The used capital goods i.e., Machinery, buildings, equipment, vehicles and tools are allowed freely to import or export in India as per the custom tariff heading and restrictions if any on such goods functionality, on payment of applicable custom duty and on concessional rate of custom duty under EPCG (Export Promotional Capital Goods) licence issued by DGFT (Director General of Foreign Trade) India.

The used capital goods imported in India must carry the Chartered Engineer certificate from who are authorised by the DGFT India, this certificate can be issued by such authorised C.E.’s on preload inspection basis at load port or after arrival of shipment at destination.
The inspection report helps to understand the conditions and current market valuation of such imported capital goods to depreciate for assessment and collection of the custom duty by Custom Authorities.
How to Calculate the Current market Value: –
The current market value of used capital goods depends on the below points.
i. Year of manufacturing, make and model no.
ii. Cost in the year and at the time of manufacturing for new machines.
iii. Any reconditioning/repairing/reprocessing of goods, present working conditions
iv. Remaining life of goods on the basis of its present condition.
What is depreciation and how to calculate it: –
The depreciation is the process of decreasing or calculation the value of used capital goods compare to its new model cost and its life of manufacturing.

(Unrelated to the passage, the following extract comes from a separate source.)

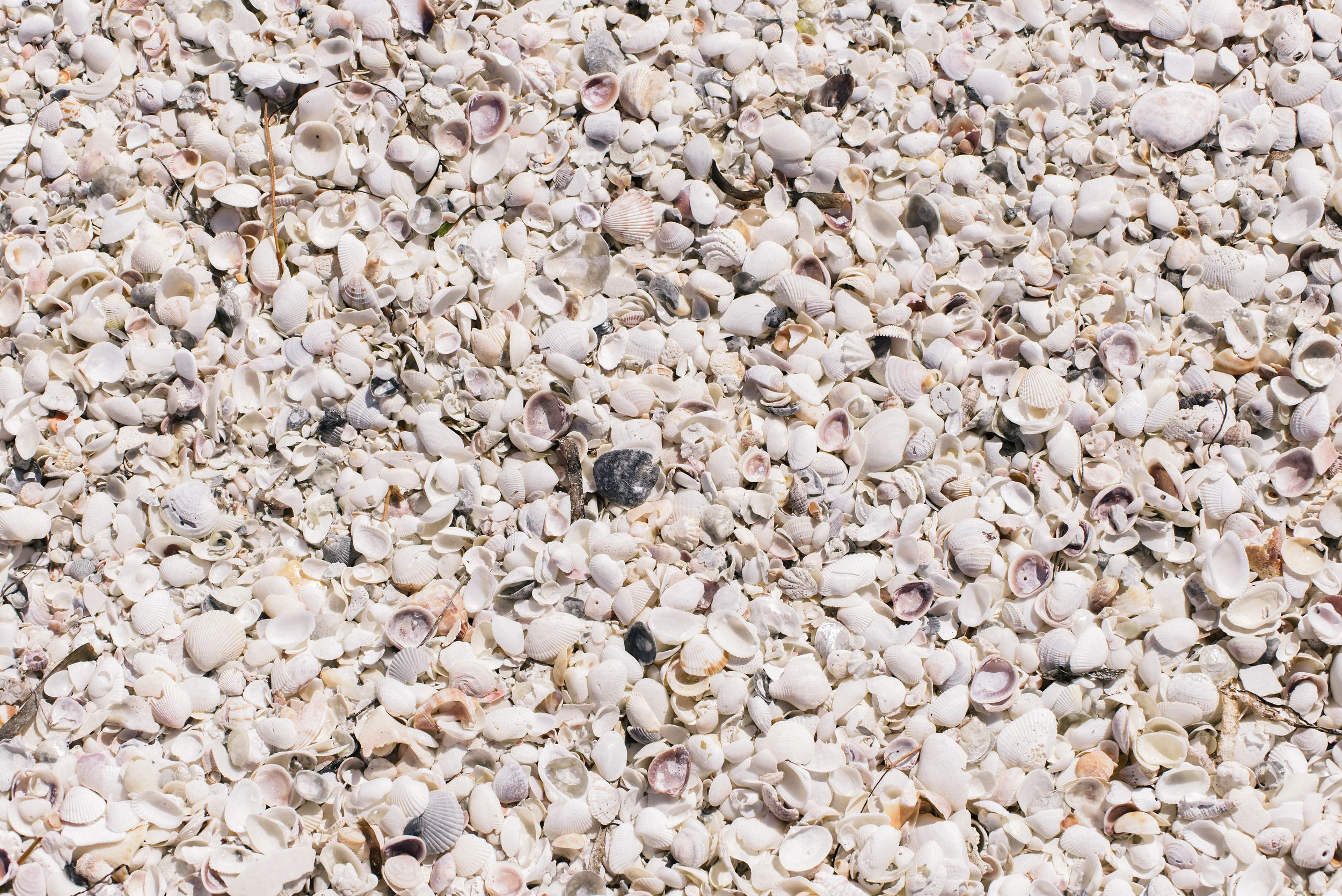 CarleyRuddPhotography_FTMyersSanibel-31.jpg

The government of India has defined the below method to calculate and depreciate the cost of used capital goods/machinery.
For 1st year from manufacturing date 4% per quarter of new product cost (total 16%)
For 2nd year from manufacturing date 3% per quarter of new product cost (total 12%)
For 3rd year from manufacturing date 2.5% per quarter of new product cost (total 10%)
For 4th year from manufacturing date to onwards 2% per quarter of new product cost (total 8%)
Please be noted that the such depreciations are allowed only at the maximum of 70% of new machine/goods cost. The cost calculated in such method are FOB cost of imported used capital goods and any sea/air freight and insurance will be additional for assessment by custom.